Adrián "Adri" López Garrote (born 9 January 1999) is a Spanish professional footballer who plays as a goalkeeper for Segunda Federación club Conquense.

==Club career==
Born in Barcelona, Catalonia, López joined RCD Espanyol's youth setup in 2007, from Vista Alegre. He made his senior debut with the reserves on 30 September 2018, starting in a 2–0 Segunda División B home win over SD Ejea.

A backup to Edu Frías in his first senior season, López became a regular starter in his second, after Frías left for Córdoba CF. On 5 September 2020, he was loaned to fellow third tier side Hércules CF, for one year.

López terminated his contract with the Pericos on 22 July 2021, and signed a permanent one-year deal with Hércules two days later. On 6 July 2022, he agreed to a contract with Granada CF, being assigned to the reserves in Segunda Federación.

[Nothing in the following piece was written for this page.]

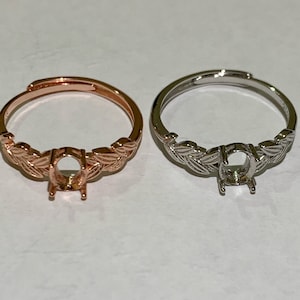 May include: Two adjustable rings with a leaf design. One ring is rose gold and the other is silver. Both rings have a blank oval setting in the center.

López made his first team debut for the Nazaríes on 13 November 2022, playing the full 90 minutes in a 3–2 away success over Yeclano Deportivo, for the season's Copa del Rey. His professional debut occurred 14 days later, as he replaced field player Jorge Molina in a 1–0 Segunda División away loss against CD Leganés, after starter Raúl Fernández was sent off.